Пока жизнь есть, далеко не всегда можно сказать, где в этой жизни черное, а где белое. Не различить и не договориться – мол, вот это эротическое притяжение, данное мне сегодня днем, работает во благо, а другое, то, что приходит под вечер, сеет зло и разрушение. И самое сложное, что одним желанием, пусть даже искренним, победить спрятанного во мне внутренне-внешнего человека – преодолеть себя – редко когда удается. А если и удается, то в этом случае совершенно неизвестно, будет ли эта победа благом или в «покойники» мы записали такого «беспокойника», который был на самом деле в нас самым живым и настоящим человеком.
Настоящий ужас приходит не от физической боли, которую все же можно преодолеть – как это было в случае летчика Мересьева или безымянного героя рассказа «Любовь к жизни» Джека Лондона, но от осознания в себе такой бездны, которую не побеждать надо, а делать с ней что-то другое, хотя и не знаешь даже, с какого конца к бездне той приступать.
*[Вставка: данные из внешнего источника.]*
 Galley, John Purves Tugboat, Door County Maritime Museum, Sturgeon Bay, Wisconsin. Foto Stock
Ведь бездна потому и страшна, что всякие временные мостики, которые мы над ней возвели с великим трудом при свете солнца, летят в пропасть при появлении лунного света.
* * *
В жизни есть тайны, о которых лучше научиться молчать, чем произносить много слов. Помните, Рихтер сказал о своем учителе: он научил меня тому, что музыка начинается с молчания.
Я учился молчанию у Антония Сурожского. И за это учение я благодарен ему больше, чем за все услышанные беседы. В словах было объяснение. В молчании было зарождение всего нового – нового человека, нового отношения между Богом и человеком, новой жизни.
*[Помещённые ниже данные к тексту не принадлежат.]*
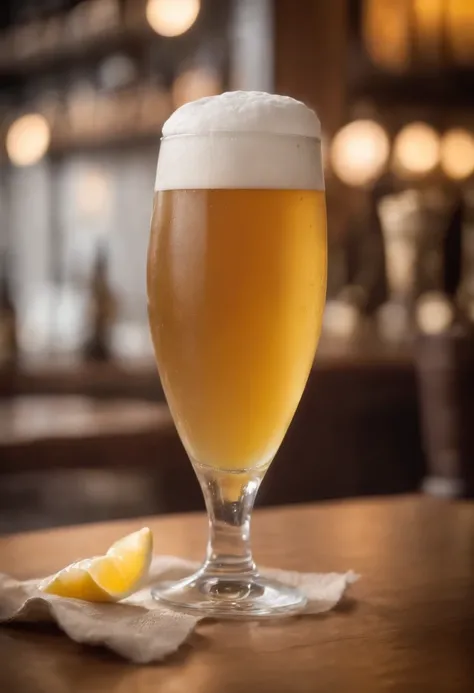 Jarra de cerveza plana, German style, Mucha espuma, Plano delantero, foto realista, Ultra Sharp Focus, Disparos realistas, Fondo moderno, Warm and bright atmosphere, cold beer, con espuma real en el borde, un vaso de vidrio, Tulip Style, Like tulip full of...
Если мы хотим правдиво сказать о любви и тайне жизни, то лучше начать с молчания… Или же закончить молчанием.
Глава 10. Страх
Нам нечего бояться, кроме самого страха
Мы уже говорили в начале книги, что страх и свобода связаны обратно пропорционально. Потеря свободы рождает страх. Или наоборот: страх – признак потерянной свободы. В этом и есть природа страха. Как сказал Франклин Рузвельт: «The only thing we have to fear is fear itself», то есть – «Единственная вещь, которой стоит бояться, – это сам страх».
И действительно, страх лишает нас чего-то настоящего, чего-то самого главного.
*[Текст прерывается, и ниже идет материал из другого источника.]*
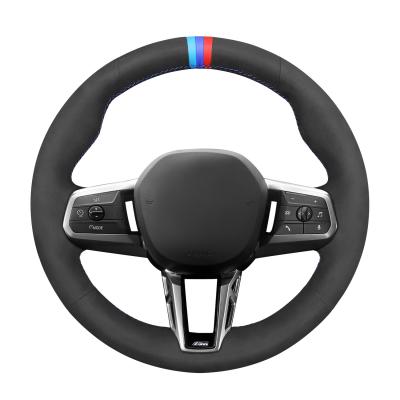 China Black Suede Steering Wheel Cover for BMW X1 X2 M Sport 2 Series iX1 iX2 2022 2023 2024 for sale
В России, как это ни печально, традиция страха занимает очень большое место. В нашего человека встроен такой мощный внутренний контроль, которого я, пожалуй, больше ни у кого не встречал – по крайней мере, на Западе. Не знаю, когда эта традиция страха впервые была посеяна. Возможно, во времена татаро-монгольского ига. Но уж точно гораздо раньше 1937 года, Чехов пишет о рабской крови задолго до 30-х годов XX века.
Есть исследования, которые показывают, что без жертвы не может появиться и тиран, и неизвестно, что первично.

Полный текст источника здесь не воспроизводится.